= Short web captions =
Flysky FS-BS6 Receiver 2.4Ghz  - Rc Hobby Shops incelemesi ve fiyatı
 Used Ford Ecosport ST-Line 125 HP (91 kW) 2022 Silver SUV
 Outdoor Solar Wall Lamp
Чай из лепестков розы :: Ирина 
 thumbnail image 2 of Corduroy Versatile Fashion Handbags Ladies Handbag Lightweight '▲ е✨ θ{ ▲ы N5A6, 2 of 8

= Exercise instructions =
Repeat all the entries exactly as given.

= Output below =
Flysky FS-BS6 Receiver 2.4Ghz  - Rc Hobby Shops incelemesi ve fiyatı
 Used Ford Ecosport ST-Line 125 HP (91 kW) 2022 Silver SUV
 Outdoor Solar Wall Lamp
Чай из лепестков розы :: Ирина 
 thumbnail image 2 of Corduroy Versatile Fashion Handbags Ladies Handbag Lightweight '▲ е✨ θ{ ▲ы N5A6, 2 of 8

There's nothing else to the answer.